:: Provided records ::
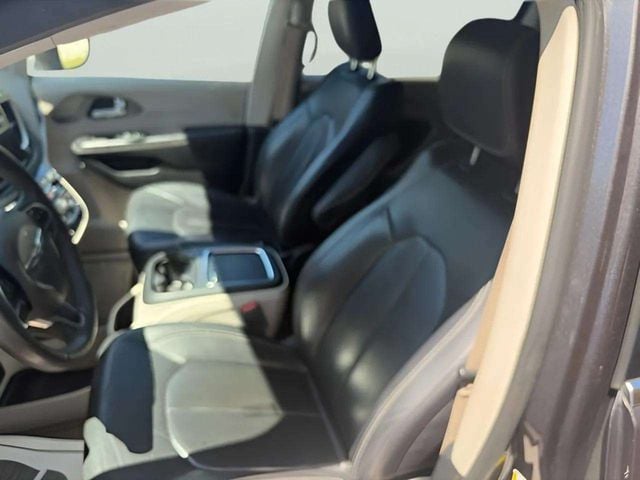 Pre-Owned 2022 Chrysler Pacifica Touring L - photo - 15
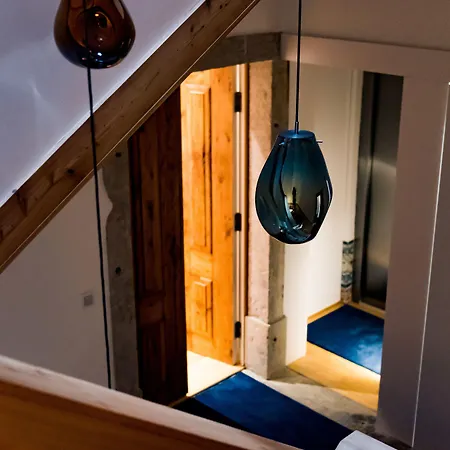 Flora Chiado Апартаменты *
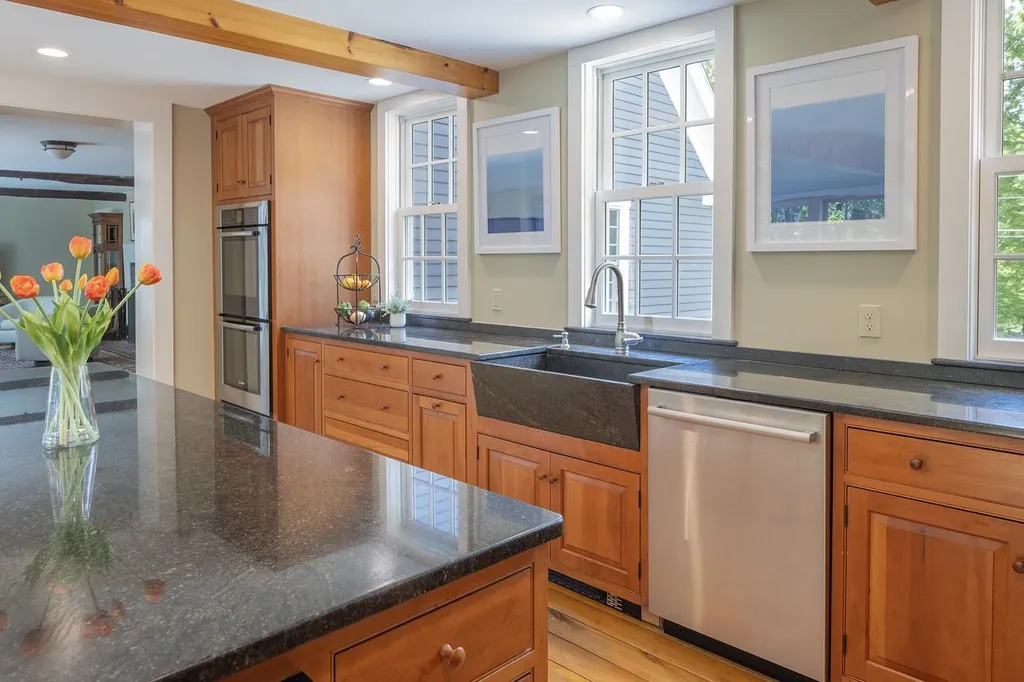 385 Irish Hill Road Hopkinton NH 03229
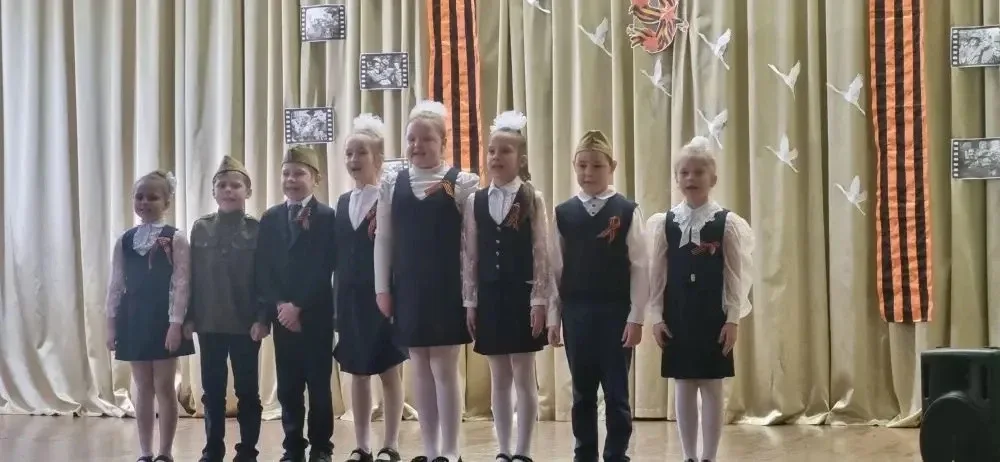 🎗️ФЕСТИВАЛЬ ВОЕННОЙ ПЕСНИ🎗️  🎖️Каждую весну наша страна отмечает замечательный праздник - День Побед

...

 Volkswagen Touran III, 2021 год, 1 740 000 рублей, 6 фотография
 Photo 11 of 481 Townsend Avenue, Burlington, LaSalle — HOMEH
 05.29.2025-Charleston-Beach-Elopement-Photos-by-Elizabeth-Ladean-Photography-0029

:: What you are asked to do ::
Every line above between the one containing "Flora Chiado Апартаменты *" and the one containing "- День Побед", those two included, is to be printed exactly. No pictures go into the copy.

:: Your response ::
 Flora Chiado Апартаменты *
 385 Irish Hill Road Hopkinton NH 03229
 🎗️ФЕСТИВАЛЬ ВОЕННОЙ ПЕСНИ🎗️  🎖️Каждую весну наша страна отмечает замечательный праздник - День Побед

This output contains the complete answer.